James P. Wolfe
James P. Wolfe (1943-2022)
Professor Wolfe spent his entire faculty career at the University of Illinois, retiring in 2006 after 30 years in Urbana. He was a principal investigator in the Frederick Seitz Materials Research Laboratory (MRL), where he concentrated on the physics of excitonic matter and phonons in solids. Phonons are vibrations of atoms or molecules in the crystal structure of materials that propagate as sound or heat, depending on the frequency of the vibrations, as they pass through the material.
Wolfe received his bachelor’s and doctoral degrees in physics from the University of California, Berkeley. He remained at Berkeley as an assistant research physicist, and with Carson Jeffries’ group, he applied optical and microwave techniques to the newly discovered phenomena of electron-hole droplets in Germanium.

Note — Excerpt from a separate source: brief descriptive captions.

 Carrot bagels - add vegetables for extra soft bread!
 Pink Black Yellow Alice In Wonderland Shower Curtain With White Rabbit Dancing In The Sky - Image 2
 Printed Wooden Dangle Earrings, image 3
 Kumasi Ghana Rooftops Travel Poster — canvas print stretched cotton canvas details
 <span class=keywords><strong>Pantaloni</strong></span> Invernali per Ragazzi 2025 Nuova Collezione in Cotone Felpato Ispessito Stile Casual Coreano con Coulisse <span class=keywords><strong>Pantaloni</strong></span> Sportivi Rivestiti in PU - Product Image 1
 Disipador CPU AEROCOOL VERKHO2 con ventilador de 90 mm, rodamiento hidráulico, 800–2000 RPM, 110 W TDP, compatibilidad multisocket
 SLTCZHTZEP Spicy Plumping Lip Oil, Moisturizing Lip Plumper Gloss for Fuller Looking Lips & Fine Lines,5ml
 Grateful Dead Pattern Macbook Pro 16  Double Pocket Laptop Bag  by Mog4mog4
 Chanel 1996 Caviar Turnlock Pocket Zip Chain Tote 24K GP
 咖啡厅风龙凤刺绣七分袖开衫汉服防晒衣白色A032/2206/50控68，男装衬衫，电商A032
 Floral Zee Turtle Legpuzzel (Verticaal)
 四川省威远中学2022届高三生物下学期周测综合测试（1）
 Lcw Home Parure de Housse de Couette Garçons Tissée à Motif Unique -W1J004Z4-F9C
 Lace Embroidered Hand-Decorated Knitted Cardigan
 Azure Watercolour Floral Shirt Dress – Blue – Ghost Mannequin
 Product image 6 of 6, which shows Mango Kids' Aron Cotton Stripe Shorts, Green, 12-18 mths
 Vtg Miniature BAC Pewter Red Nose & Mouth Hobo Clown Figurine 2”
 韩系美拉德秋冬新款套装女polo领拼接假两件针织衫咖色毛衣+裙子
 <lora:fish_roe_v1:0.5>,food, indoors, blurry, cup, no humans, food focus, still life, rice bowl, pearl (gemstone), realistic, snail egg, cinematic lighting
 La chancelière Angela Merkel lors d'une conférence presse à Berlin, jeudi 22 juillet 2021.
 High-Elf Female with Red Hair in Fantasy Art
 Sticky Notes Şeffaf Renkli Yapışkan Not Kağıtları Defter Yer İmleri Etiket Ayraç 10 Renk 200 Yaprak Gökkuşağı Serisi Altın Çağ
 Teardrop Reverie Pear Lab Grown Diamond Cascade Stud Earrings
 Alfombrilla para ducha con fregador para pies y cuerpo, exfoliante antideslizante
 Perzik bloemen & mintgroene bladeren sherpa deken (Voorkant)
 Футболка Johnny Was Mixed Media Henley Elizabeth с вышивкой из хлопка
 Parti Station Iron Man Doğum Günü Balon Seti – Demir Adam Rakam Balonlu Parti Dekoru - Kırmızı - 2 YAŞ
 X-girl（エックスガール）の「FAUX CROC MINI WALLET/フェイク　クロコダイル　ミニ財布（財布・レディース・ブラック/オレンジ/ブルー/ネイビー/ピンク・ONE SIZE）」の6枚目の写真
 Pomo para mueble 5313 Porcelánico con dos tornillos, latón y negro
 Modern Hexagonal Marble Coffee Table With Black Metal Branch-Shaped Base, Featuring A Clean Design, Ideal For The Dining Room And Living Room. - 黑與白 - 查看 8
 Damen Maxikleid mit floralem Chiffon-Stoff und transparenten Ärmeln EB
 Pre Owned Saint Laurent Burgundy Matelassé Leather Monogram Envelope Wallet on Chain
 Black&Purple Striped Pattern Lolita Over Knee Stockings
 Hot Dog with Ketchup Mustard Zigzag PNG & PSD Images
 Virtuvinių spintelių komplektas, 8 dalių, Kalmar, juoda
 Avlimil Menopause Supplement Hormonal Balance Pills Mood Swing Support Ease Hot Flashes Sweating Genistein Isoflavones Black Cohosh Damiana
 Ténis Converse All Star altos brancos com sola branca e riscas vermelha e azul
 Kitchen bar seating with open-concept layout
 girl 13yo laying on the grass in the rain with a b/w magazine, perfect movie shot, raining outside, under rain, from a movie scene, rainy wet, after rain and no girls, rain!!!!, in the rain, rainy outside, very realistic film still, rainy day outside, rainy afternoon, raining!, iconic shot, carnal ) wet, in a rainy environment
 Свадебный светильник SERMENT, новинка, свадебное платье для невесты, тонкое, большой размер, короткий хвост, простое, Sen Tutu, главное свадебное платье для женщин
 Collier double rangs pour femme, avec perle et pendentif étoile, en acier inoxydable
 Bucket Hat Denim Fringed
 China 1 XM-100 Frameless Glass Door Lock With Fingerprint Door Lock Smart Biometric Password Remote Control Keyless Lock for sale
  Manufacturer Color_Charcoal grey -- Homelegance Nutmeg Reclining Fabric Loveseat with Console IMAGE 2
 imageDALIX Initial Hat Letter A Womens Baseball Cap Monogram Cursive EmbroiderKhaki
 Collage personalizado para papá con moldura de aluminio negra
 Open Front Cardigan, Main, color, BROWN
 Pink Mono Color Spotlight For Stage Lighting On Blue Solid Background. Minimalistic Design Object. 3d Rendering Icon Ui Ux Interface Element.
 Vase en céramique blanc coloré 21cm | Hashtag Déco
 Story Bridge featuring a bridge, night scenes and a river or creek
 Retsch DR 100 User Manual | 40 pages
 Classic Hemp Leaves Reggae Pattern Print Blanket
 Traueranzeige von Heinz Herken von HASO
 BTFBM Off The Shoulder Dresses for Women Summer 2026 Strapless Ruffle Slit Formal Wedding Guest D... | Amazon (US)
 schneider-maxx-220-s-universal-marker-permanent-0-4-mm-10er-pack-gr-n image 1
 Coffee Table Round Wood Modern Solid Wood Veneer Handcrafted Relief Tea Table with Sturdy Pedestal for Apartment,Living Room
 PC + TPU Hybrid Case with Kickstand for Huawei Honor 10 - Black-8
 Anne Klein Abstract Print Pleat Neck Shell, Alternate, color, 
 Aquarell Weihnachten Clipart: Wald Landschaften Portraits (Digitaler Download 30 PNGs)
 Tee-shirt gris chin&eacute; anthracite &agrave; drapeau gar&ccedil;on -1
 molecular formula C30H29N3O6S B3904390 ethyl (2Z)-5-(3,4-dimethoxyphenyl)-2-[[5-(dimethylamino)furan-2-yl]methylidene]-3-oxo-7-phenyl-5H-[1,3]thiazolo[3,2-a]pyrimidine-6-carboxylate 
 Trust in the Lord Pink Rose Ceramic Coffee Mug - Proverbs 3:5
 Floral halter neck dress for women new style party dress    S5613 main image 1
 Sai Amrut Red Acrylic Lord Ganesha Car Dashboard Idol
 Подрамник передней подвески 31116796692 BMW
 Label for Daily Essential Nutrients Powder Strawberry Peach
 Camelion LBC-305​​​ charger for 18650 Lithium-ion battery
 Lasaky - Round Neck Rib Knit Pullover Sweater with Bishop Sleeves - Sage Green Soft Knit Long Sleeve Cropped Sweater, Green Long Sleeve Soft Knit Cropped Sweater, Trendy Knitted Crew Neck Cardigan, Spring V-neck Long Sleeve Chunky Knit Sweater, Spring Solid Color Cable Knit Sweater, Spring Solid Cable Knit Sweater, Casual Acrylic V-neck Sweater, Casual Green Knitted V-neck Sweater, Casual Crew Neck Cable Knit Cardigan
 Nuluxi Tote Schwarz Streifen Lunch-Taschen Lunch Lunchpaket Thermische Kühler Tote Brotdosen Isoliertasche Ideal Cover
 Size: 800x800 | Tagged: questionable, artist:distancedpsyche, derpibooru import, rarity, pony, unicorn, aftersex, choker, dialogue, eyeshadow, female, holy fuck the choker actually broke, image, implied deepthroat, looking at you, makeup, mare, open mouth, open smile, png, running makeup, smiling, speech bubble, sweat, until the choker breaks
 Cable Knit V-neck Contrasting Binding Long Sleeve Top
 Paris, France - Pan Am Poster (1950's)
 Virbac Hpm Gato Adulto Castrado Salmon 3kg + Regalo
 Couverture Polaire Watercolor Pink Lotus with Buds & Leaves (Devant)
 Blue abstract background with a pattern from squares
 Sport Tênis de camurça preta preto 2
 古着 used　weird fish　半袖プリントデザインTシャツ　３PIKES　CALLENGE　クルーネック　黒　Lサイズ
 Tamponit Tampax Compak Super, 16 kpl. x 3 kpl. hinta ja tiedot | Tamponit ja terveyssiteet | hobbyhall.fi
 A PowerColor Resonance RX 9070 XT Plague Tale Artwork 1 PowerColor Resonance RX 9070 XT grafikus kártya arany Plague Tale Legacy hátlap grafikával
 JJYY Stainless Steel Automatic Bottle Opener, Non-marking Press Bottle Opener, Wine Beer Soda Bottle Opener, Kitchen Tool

Using infrared imaging, they took the first photo of an electron-hole droplet. He joined the Department of Physics at Illinois in 1976.
Best known for developing novel imaging techniques to study excitonic matter and phonon propagation at ultracold temperatures, Wolfe’s group created time-resolved luminescence imaging techniques to determine the spatial distribution and mobilities of electron-hole droplets and excitons in bulk semiconductors, such as silicon, germanium, and copper oxide. Wolfe’s group combined picosecond laser spectroscopy and micro-imaging techniques to measure the in-plane motion of photoexcited carriers in semiconductor quantum wells. Since its introduction in 1978, “phonon imaging” has contributed graphically and quantitatively to far-reaching topics in phonon physics. Utilizing tiny superconducting detectors and laser-scanned heat sources, phonon imaging has elucidated diverse physical phenomena—phonon focusing, lattice dynamics, and phonon scattering at interfaces, superlattices, and defects.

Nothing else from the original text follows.